Reading your answers I understand now is far from be an easy question as I believe at first sight...

For some of you that ask me about additional characteristics for obtain a solution, I am aiming to find a solution $f(x) \in \mathbb{C}$ analytic, since I was thinking about $f(x)$ as a Fourier transform... but reading the answers it looks I will never find its inverse neither...

As @Sangchul Lee explain in the comments, the equation: $$s(2x) = s(x)\cdot\frac{\sin(x)}{x}$$ have been shown here to have a difficult solution: $$s(x) \propto \prod\limits_{p=1}^\infty \frac{\sin(x/2^p)}{x/2^p}$$

Now, by letting $s(x) = f(x)\cdot q(x)$ such as: $$ s(2x) = f(2x)\cdot q(2x) = f(x)\cdot q(x)\cdot\frac{\sin(x)}{x}$$ And following Wolfram-Alpha here if I make the split as: $$ q(2x) = q(x)/x \Rightarrow q(x) \propto \sqrt{x}\,e^{-\frac{\log^2(x)}{\log(4)}}$$ So given there is an existent $q(x) \in \mathbb{R}$:...

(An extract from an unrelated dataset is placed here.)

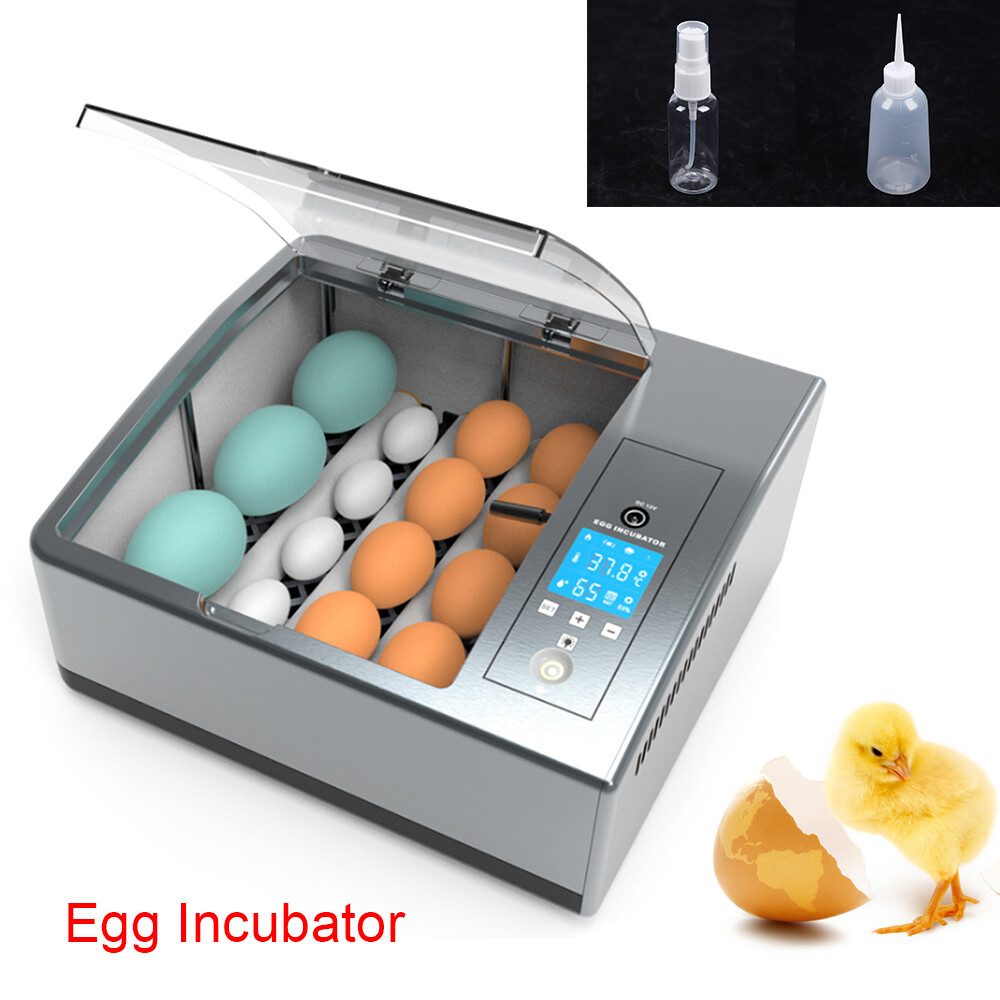 16 Chicken Egg Incubator Fit Hatching Eggs with Automatic Turner Temp Control US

1. It is possible to replace $q(2x)/q(x) = 1/x$ in $ f(2x)\frac{q(2x)}{q(x)} = f(x)\sin(x)\cdot\frac{1}{x}$ and simplify it to $f(2x) = f(x)\sin(x)$??

2. Does it means that the main question have at least as solution $f(x) = c\,\frac{\displaystyle{e^{\log^2(x)/\log(4)}}}{\sqrt{x}}\prod\limits_{p=1}^\infty \frac{\sin(x/2^p)}{x/2^p}$??? (with "$c$" an arbitrary constant)

Answer 1

Martin has pointed out how one might make wild solutions.

We will show that the only continuous solution to your problem is $f = 0$ when your domain is $\mathbb{R}$.

Indeed note that for all $a \in \mathbb{R}$, $a \not \equiv 0 \mod \pi$

$f(\frac{a}{2}) = \frac{f(a)}{\sin(\frac{a}{2})}$

by induction we have

$f(\frac{a}{2^{n}}) = \frac{f(a)}{\prod_{k=1}^{n}\sin(\frac{a}{2^{k}})}$

Thus if $f(a) \neq 0$ and $f$ is continuous at $0$ we have

$|f(0)| = \lim_{n \rightarrow \infty}|f(\frac{a}{2^{n}})| = \infty$

which is impossible. Thus $f$ is $0$ at all points $a$ such that $a \not \equiv 0 \mod \pi$. By continuity $f$ must be $0$ everywhere.